According to the available data the commercial fishermen landed 62.9 million pounds of fish and shellfish in 2007, an 8.5 percent drop from 2006. The data showed the total dockside value of the 2007 harvest was estimated at $82.3 million, which was $12.2 million more than in 2006. Louis Daniel, director of the N.C. Division of Marine Fisheries, informed the figures indicate that higher fuel prices are forcing fishermen to target the high-dollar catches.
He added that in some cases the drop may be closely related to coastwide quotas and other regulations. According to him the bluefish, summer flounder, snowy grouper, river herring, sharks and spiny dogfish are examples of species where regulations are significant enough to affect landings. Daniel also told that the declines are also apparent in some of the higher volume, often lower valued fisheries, like croaker and spot.
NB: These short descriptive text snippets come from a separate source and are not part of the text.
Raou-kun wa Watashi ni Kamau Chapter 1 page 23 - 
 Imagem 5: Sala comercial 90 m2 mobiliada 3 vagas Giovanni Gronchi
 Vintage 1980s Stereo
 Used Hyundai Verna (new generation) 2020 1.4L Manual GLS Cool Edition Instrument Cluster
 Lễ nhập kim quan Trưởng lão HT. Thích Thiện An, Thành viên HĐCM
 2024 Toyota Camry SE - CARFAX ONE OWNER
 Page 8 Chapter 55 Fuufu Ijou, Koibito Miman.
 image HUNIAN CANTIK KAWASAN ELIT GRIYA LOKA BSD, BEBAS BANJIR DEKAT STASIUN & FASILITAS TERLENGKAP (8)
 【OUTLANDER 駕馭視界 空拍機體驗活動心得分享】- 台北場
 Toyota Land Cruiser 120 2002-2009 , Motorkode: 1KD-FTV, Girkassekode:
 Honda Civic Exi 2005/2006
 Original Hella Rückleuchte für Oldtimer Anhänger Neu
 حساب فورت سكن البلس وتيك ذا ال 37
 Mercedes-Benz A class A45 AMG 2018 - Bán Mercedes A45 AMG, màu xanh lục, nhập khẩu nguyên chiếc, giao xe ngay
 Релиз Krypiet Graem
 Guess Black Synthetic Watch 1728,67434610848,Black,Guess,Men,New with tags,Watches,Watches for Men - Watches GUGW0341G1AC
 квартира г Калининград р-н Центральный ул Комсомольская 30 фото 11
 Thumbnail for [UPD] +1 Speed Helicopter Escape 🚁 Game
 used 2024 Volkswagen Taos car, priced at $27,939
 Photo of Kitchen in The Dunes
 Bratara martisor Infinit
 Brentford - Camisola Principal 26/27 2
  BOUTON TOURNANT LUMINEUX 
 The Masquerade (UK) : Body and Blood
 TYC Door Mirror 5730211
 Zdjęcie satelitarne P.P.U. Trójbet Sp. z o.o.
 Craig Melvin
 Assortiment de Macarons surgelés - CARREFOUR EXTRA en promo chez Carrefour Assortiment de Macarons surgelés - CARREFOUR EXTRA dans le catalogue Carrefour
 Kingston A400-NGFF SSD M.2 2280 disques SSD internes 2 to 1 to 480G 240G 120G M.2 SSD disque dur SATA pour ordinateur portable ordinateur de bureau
According to Daniel high valued seafood, such as sea scallops, vermillion snapper, triggerfish, wahoo, red grouper and sea mullet showed significant increased landings. However, hard crabs remained the top commercial seafood harvest in North Carolina by weight and value. Fishermen landed 20.5 million pounds of crabs in 2007 worth $18.1 million. But even the crabs landing also 16 percent below 2006 levels and 35 percent lower than the previous five-year average.
Shrimp harvest was reported 9.5 million pounds, up 66 percent from 2006 and 64 percent from the previous five-year average. Total recreational landings by pounds decreased by 7.3 percent from 2006 to 23,052,903 pounds. However, the number of fish caught and kept increased from 12 million in 2006 to 14.7 million in 2007.